Re: [PATCH 2/12] mm: rmap use pte lock not mmap_sem to set PageMlocked

linux-mm.kvack.org archive mirror
 help / color / mirror / Atom feed

From: Vlastimil Babka <vbabka@suse.cz>
To: "Kirill A. Shutemov" <kirill@shutemov.name>,
	Hugh Dickins <hughd@google.com>
Cc: Andrew Morton <akpm@linux-foundation.org>,
	Christoph Lameter <cl@linux.com>,
	"Kirill A. Shutemov" <kirill.shutemov@linux.intel.com>,
	Rik van Riel <riel@redhat.com>,
	Davidlohr Bueso <dave@stgolabs.net>,
	Oleg Nesterov <oleg@redhat.com>,
	Sasha Levin <sasha.levin@oracle.com>,
	Andrey Konovalov <andreyknvl@google.com>,
	Dmitry Vyukov <dvyukov@google.com>,
	KOSAKI Motohiro <kosaki.motohiro@jp.fujitsu.com>,
	linux-mm@kvack.org,
	"Paul E. McKenney" <paulmck@linux.vnet.ibm.com>
Subject: Re: [PATCH 2/12] mm: rmap use pte lock not mmap_sem to set PageMlocked
Date: Mon, 19 Oct 2015 23:25:56 +0200	[thread overview]
Message-ID: <56255FE4.5070609@suse.cz> (raw)
In-Reply-To: <20151019201003.GA18106@node.shutemov.name>

On 10/19/2015 10:10 PM, Kirill A. Shutemov wrote:
> On Mon, Oct 19, 2015 at 12:53:17PM -0700, Hugh Dickins wrote:
>> On Mon, 19 Oct 2015, Kirill A. Shutemov wrote:
>>> On Mon, Oct 19, 2015 at 04:20:05AM -0700, Hugh Dickins wrote:
>>>>> Note how munlock_vma_pages_range() via __munlock_pagevec() does
>>>>> TestClearPageMlocked() without (or "between") pte or page lock. But the pte
>>>>> lock is being taken after clearing VM_LOCKED, so perhaps it's safe against
>>>>> try_to_unmap_one...
>>>>
>>>> A mind-trick I found helpful for understanding the barriers here, is
>>>> to imagine that the munlocker repeats its "vma->vm_flags &= ~VM_LOCKED"
>>>> every time it takes the pte lock: it does not actually do that, it
>>>> doesn't need to of course; but that does help show that ~VM_LOCKED
>>>> must be visible to anyone getting that pte lock afterwards.
>>>
>>> How can you make sure that any other codepath that changes vm_flags would
>>> not make (vm_flags & VM_LOCKED) temporary true while dealing with other
>>> flags?
>>>
>>> Compiler can convert things like "vma->vm_flags &= ~VM_FOO;" to whatever
>>> it wants as long as end result is the same.

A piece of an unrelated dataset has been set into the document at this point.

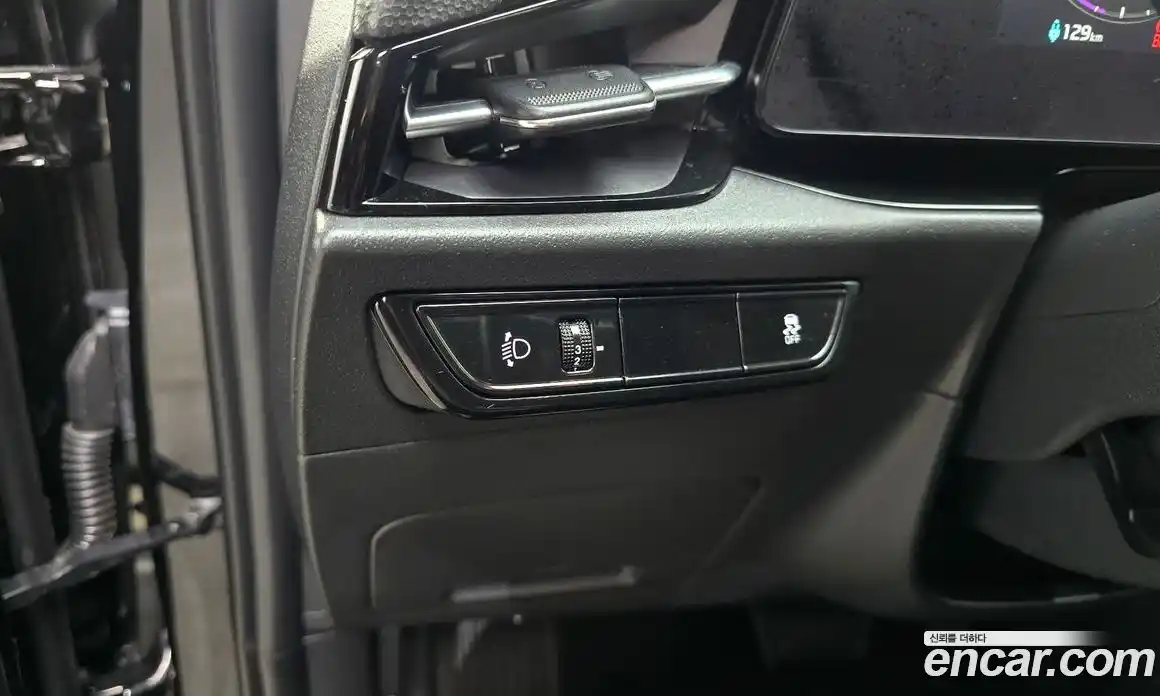 Kia Niro 2023 0.2 гидро, фото 26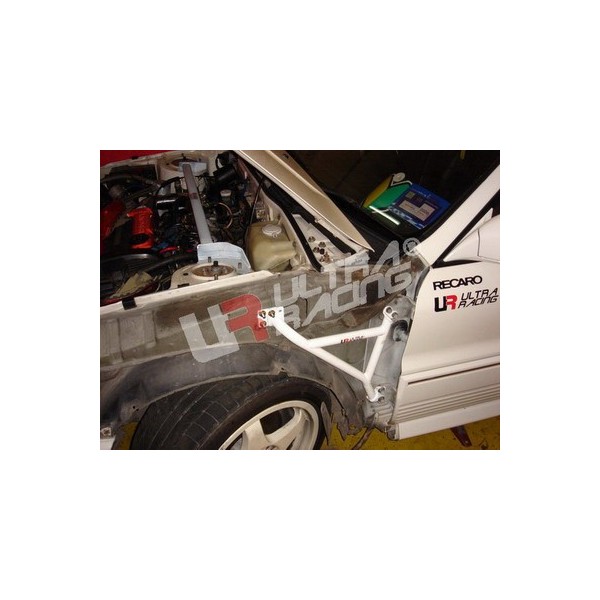 Kia Sportage 10+ 2.0 UltraRacing Front Lower Tiebar 1732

It's very unlikely that it
>>> will generate code to set all bits to one and then clear all which should
>>> be cleared, but it's theoretically possible.

I think Linus would be very vocal about such compiler implementation. 
And I can imagine a lot of things in the kernel would break by those 
spuriously set bits. There must be a lot of stuff that's "theoretically 
possible within the standard" but no sane compiler does. I believe even 
compiler guys are not that insane. IIRC we've seen bugs like this and 
they were always treated as bugs and fixed.
The example I've heard often used for theoretically possible but insane 
stuff is that the compiler could make code randomly write over anything 
that's not volatile, as long as it restored the original values upon 
e.g. returning from the function. That just can't happen.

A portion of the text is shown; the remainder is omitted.